Image-text web data

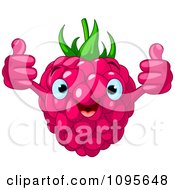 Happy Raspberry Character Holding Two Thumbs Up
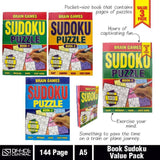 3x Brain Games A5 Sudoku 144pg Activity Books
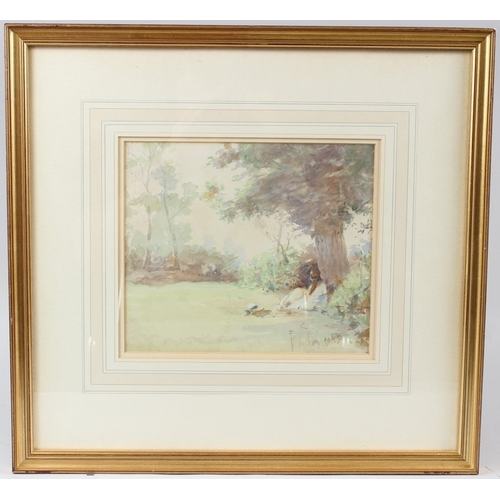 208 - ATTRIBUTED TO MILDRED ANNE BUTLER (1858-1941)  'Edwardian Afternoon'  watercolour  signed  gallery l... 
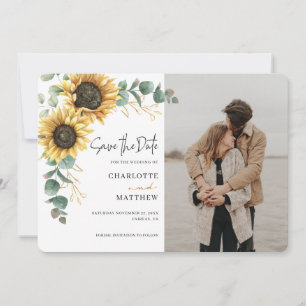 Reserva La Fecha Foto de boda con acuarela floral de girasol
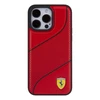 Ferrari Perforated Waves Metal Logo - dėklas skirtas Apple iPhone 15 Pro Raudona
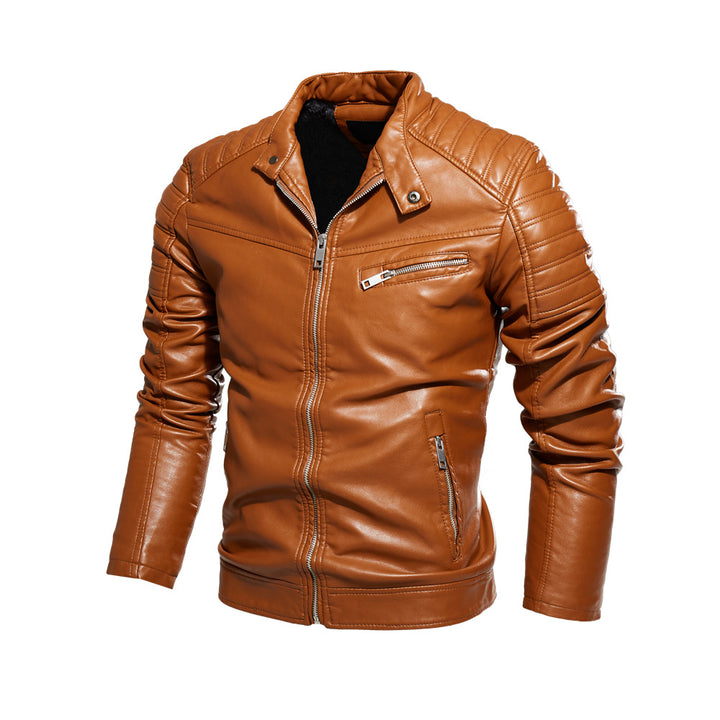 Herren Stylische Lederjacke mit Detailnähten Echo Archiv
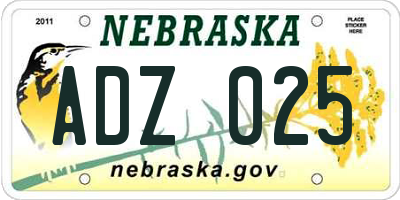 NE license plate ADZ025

==

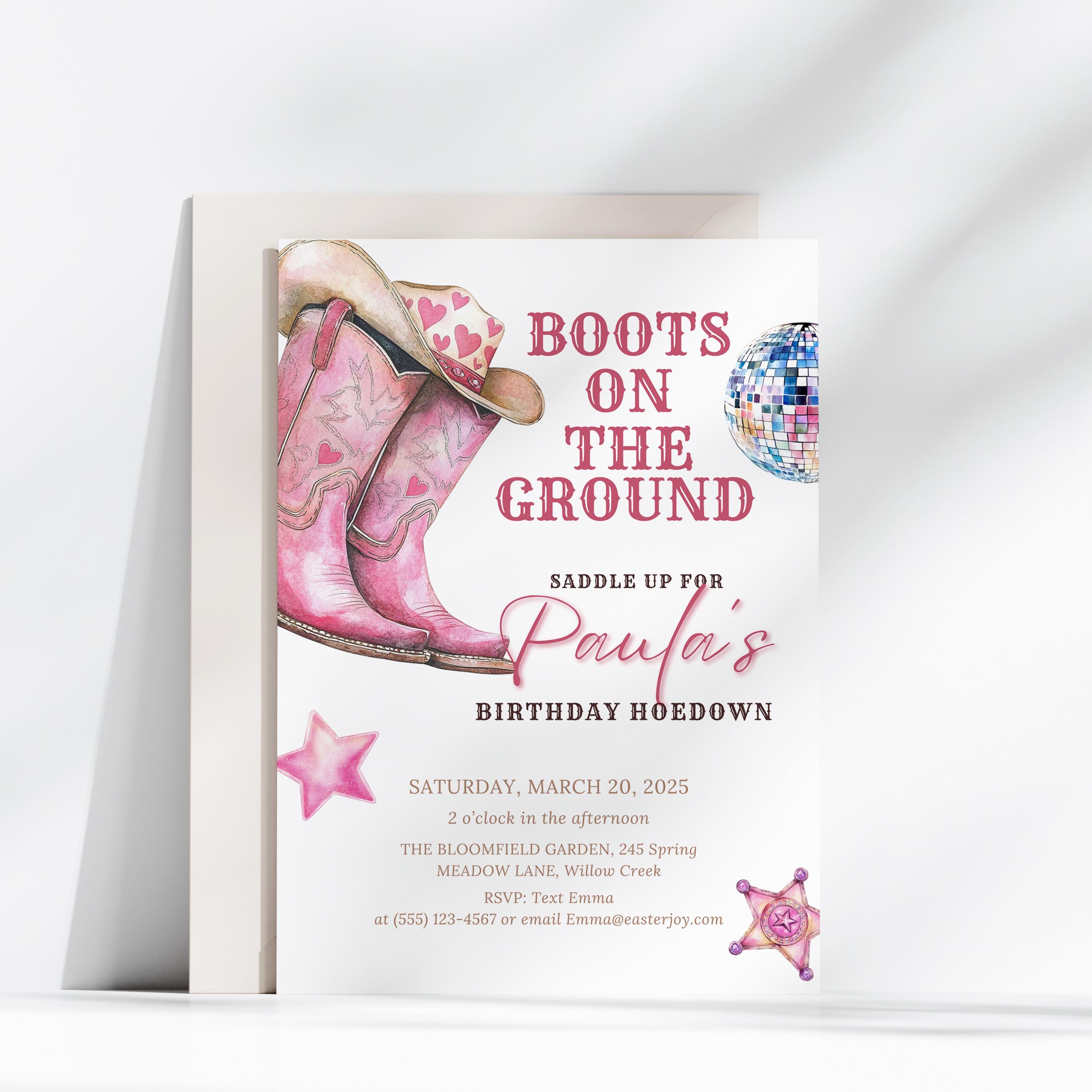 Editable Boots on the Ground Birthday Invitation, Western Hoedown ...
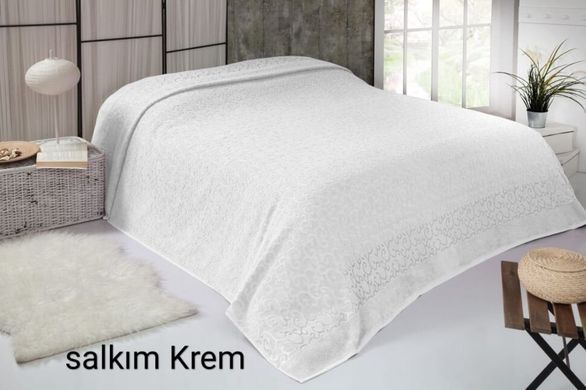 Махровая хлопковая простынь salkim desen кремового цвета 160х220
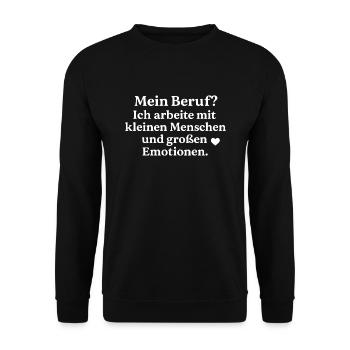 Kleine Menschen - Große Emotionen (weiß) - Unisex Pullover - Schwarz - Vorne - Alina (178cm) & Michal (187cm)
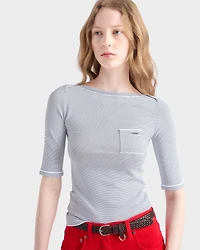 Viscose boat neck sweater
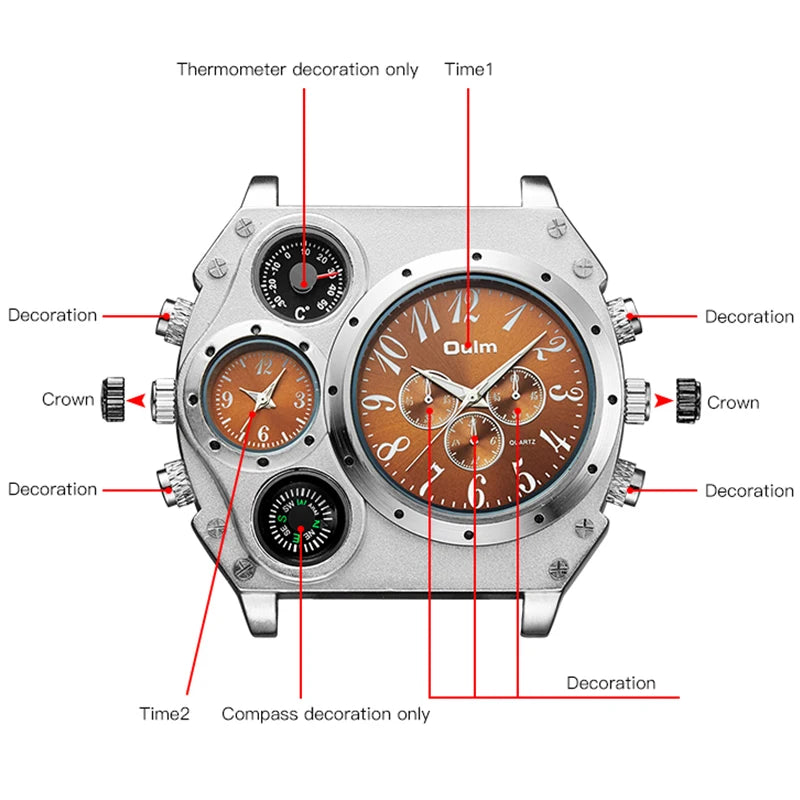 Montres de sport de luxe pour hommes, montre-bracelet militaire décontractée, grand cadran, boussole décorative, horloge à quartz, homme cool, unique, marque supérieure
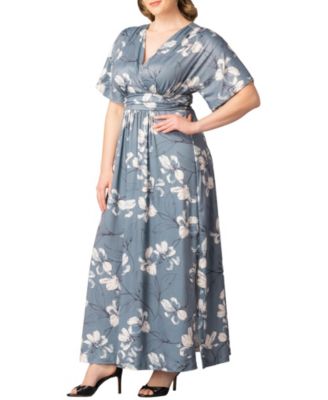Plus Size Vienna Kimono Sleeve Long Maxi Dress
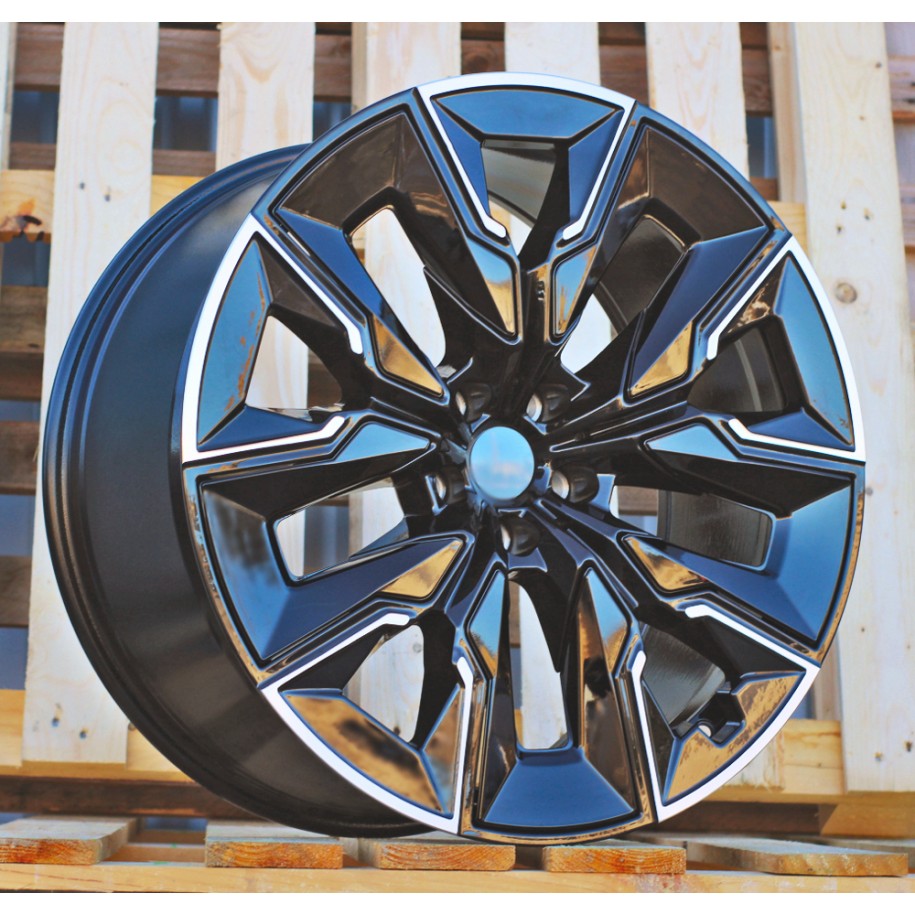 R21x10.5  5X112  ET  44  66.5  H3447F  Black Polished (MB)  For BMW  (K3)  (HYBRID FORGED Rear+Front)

▶ **ABOUT THIS EXERCISE**
Leaving each picture behind, please give again exactly the lines above from the one with "Happy Raspberry Character" through the one with "NE license plate ADZ025", both included, and no others.

▶ **EXERCISE OUTPUT**
 Happy Raspberry Character Holding Two Thumbs Up
 3x Brain Games A5 Sudoku 144pg Activity Books
 208 - ATTRIBUTED TO MILDRED ANNE BUTLER (1858-1941)  'Edwardian Afternoon'  watercolour  signed  gallery l... 
 Reserva La Fecha Foto de boda con acuarela floral de girasol
 Ferrari Perforated Waves Metal Logo - dėklas skirtas Apple iPhone 15 Pro Raudona
 Herren Stylische Lederjacke mit Detailnähten Echo Archiv
 NE license plate ADZ025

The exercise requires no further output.